Exactly reproduce the lines of the listing below from the one containing "htxkayy webcam model stream image" through the one containing "Produktbild Adidas Terrex". Skip the images.

### LISTED RECORDS
......
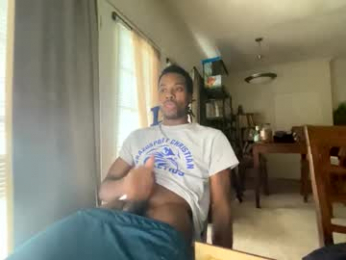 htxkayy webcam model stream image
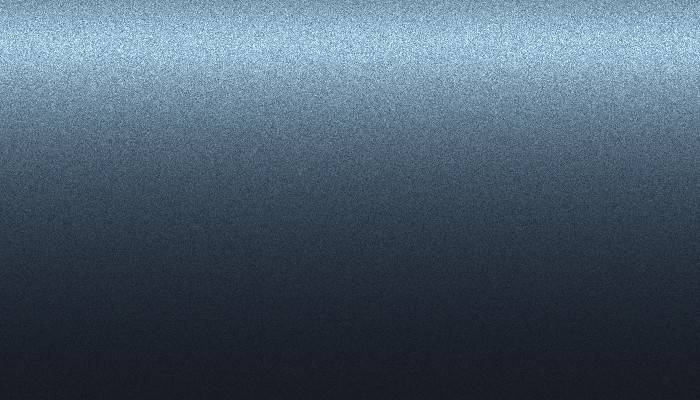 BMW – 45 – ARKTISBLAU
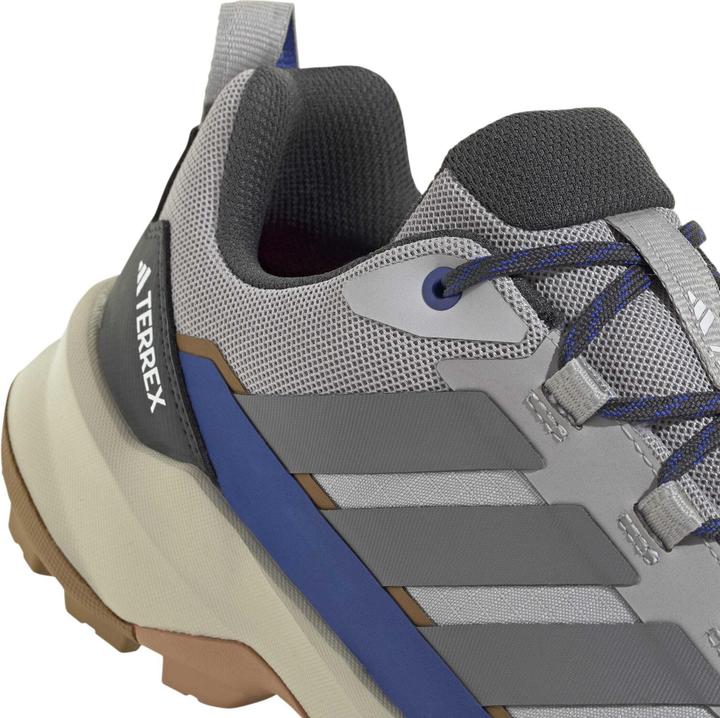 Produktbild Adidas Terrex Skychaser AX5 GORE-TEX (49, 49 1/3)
......
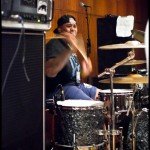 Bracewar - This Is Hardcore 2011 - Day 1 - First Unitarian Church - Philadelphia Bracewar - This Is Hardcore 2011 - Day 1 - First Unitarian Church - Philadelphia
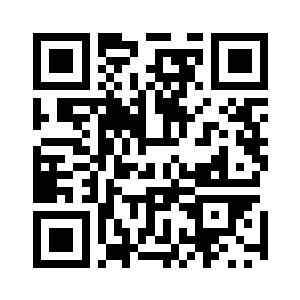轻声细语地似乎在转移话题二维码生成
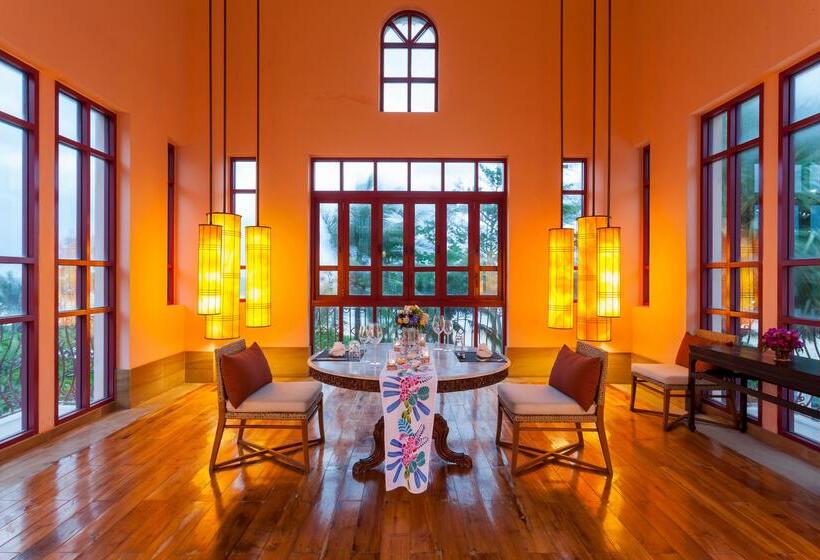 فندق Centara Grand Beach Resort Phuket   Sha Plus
......
### RESULT OF THE EXERCISE
 htxkayy webcam model stream image
 BMW – 45 – ARKTISBLAU
 Produktbild Adidas Terrex Skychaser AX5 GORE-TEX (49, 49 1/3)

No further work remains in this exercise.